How to complete this task:
Every line of the data needs to be returned exactly.

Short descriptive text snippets
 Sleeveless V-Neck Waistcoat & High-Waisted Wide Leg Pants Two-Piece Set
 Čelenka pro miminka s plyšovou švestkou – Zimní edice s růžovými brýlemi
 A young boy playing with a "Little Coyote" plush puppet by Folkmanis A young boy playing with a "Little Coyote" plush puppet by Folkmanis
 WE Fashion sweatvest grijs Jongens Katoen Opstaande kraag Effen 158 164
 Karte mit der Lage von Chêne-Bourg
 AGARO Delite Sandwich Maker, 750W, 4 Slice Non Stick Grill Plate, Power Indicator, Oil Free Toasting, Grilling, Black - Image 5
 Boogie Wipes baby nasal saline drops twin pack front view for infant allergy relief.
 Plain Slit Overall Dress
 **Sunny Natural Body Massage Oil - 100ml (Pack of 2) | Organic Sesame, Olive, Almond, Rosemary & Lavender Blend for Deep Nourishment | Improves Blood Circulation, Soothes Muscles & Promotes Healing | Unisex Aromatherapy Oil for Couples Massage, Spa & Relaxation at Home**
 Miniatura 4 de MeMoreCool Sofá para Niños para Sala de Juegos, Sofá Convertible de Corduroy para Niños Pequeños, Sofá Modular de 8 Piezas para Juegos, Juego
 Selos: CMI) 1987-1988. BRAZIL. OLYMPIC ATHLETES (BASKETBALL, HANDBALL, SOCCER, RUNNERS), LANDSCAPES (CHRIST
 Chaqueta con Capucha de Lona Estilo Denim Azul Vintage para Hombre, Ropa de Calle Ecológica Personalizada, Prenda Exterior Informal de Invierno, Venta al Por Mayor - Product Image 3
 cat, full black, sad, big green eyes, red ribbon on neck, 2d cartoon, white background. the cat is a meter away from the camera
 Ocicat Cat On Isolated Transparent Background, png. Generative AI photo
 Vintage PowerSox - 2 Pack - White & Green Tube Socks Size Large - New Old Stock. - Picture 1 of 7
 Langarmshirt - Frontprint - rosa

Reply:
 Sleeveless V-Neck Waistcoat & High-Waisted Wide Leg Pants Two-Piece Set
 Čelenka pro miminka s plyšovou švestkou – Zimní edice s růžovými brýlemi
 A young boy playing with a "Little Coyote" plush puppet by Folkmanis A young boy playing with a "Little Coyote" plush puppet by Folkmanis
 WE Fashion sweatvest grijs Jongens Katoen Opstaande kraag Effen 158 164
 Karte mit der Lage von Chêne-Bourg
 AGARO Delite Sandwich Maker, 750W, 4 Slice Non Stick Grill Plate, Power Indicator, Oil Free Toasting, Grilling, Black - Image 5
 Boogie Wipes baby nasal saline drops twin pack front view for infant allergy relief.
 Plain Slit Overall Dress
 **Sunny Natural Body Massage Oil - 100ml (Pack of 2) | Organic Sesame, Olive, Almond, Rosemary & Lavender Blend for Deep Nourishment | Improves Blood Circulation, Soothes Muscles & Promotes Healing | Unisex Aromatherapy Oil for Couples Massage, Spa & Relaxation at Home**
 Miniatura 4 de MeMoreCool Sofá para Niños para Sala de Juegos, Sofá Convertible de Corduroy para Niños Pequeños, Sofá Modular de 8 Piezas para Juegos, Juego
 Selos: CMI) 1987-1988. BRAZIL. OLYMPIC ATHLETES (BASKETBALL, HANDBALL, SOCCER, RUNNERS), LANDSCAPES (CHRIST
 Chaqueta con Capucha de Lona Estilo Denim Azul Vintage para Hombre, Ropa de Calle Ecológica Personalizada, Prenda Exterior Informal de Invierno, Venta al Por Mayor - Product Image 3
 cat, full black, sad, big green eyes, red ribbon on neck, 2d cartoon, white background. the cat is a meter away from the camera
 Ocicat Cat On Isolated Transparent Background, png. Generative AI photo
 Vintage PowerSox - 2 Pack - White & Green Tube Socks Size Large - New Old Stock. - Picture 1 of 7
 Langarmshirt - Frontprint - rosa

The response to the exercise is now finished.